The festival began with a stimulating lecture in the Archbishop Iakovos Library Reading Room, Hellenic College Holy Cross, by the acclaimed musicologist and composer, Fr. Ivan Moody. His talk traced the deep and abiding influence of Byzantine and other Orthodox chant traditions on the work of a number of contemporary composers, including Michael Adamis, Arvo Pärt, Alexander Raskatov, John Tavener, and Fr. Moody himself.

That music came to the fore in the Friday night concert held at the First Church in Cambridge. Choral compositions by Pärt, Tavener, and Moody were interlaced with post-Byzantine ecclesiastical compositions and performed by the Boston Choral Ensemble and Holy Cross St. Romanos the Melodist Byzantine Choir. Given the shocking events that occurred that same evening in France, the music struck a deep nerve with the audience.

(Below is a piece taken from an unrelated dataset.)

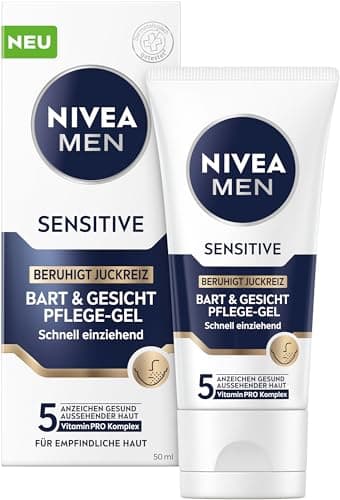 Image of NIVEA MEN Sensitive Beard & Face Care Gel, Fast Absorbing Beard Care for Sensitive Men's Skin, Soothing Face Care to Relieve Skin Irritation (50 ml)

On Saturday, the festival shifted gears from high culture to folk. Panayotis League led a workshop entitled “Medieval Greek Folk Songs, Alive and Well” in the Archbishop Iakovos Library Reading Room. Mr. League taught participants to sing and play paraloges, which are narrative songs of medieval origin that remain popular on the islands of Kalymnos and Crete.

The festival concluded in lively form with a second concert at the First Church. The musical group Rebetoparea and the renowned singer Gregory Maninakis presented an evening of rebetiko. Once again, Holy Cross St. Romanos the Melodist Byzantine Choir provided an historical counterpoint by singing selections that constitute the pre-history of rebetiko, which is connected to the ecclesiastical music of medieval and post-medieval Constantinople.